Colegio Eben Ezer arrecia persecución contra estudiante afrodescendiente por el uso de trenzas en su cabello
Javier Collins Agnew
La Verdad Panamá
La polémica por las restricciones impuestas al uso del cabello afro en el Colegio Bilingüe Eben-Ezer, ubicado en la provincia de Colón, suma un nuevo capítulo tras conocerse que la dirección del plantel mantiene la presión sobre estudiantes afrodescendientes para que modifiquen su apariencia física a fin de ajustarse a los reglamentos internos del centro educativo.
De acuerdo con información divulgada por el Observatorio Panamá Afro, este lunes 22 de junio venció el plazo otorgado por la dirección del colegio al estudiante Jhareth Abdiel Edwards Luna para reducir el volumen de su cabello natural afro.
Sin embargo, el alumno acudió a clases utilizando trenzas, una alternativa adoptada mientras continúa la controversia sobre las exigencias de la institución.
En una comunicación firmada por el director del plantel, profesor Dionisio Góndola, se recuerda a los acudientes que el estudiante no debe volver a presentarse con trenzas, argumentando que ese tipo de peinado está contemplado únicamente para las estudiantes femeninas.
La nota también señala que, de requerirse más tiempo para realizar ajustes al cabello del menor, la escuela estaría dispuesta a conceder un plazo razonable, pero condicionando esa flexibilidad a que el alumno asista sin trenzas.
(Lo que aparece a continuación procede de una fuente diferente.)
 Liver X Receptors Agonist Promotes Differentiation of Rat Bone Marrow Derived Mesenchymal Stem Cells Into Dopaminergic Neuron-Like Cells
El caso ha generado preocupación entre organizaciones defensoras de los derechos de la población afrodescendiente, que consideran que las medidas adoptadas por el centro educativo constituyen actos discriminatorios dirigidos contra manifestaciones naturales de identidad étnica y cultural.
Según las denuncias recibidas, también el colegio Abel Bravo se ha desatado una persecución contra al menos dos estudiantes afrodescendientes debido al uso de su cabello natural afro, lo que ha reavivado el debate sobre discriminación racial, identidad cultural y derechos humanos dentro de los centros educativos.
Organizaciones afropanameñas han reiterado que el cabello afro forma parte de la identidad de miles de personas descendientes de africanos y han advertido que cualquier medida que obligue a modificarlo podría interpretarse como una práctica discriminatoria contraria a los principios de igualdad y respeto a la diversidad.
Mientras tanto, familiares de los estudiantes afectados y grupos de defensa de derechos humanos mantienen la vigilancia sobre el caso y no descartan acudir a instancias nacionales e internacionales para denunciar lo que consideran una vulneración de los derechos fundamentales de los menores involucrados.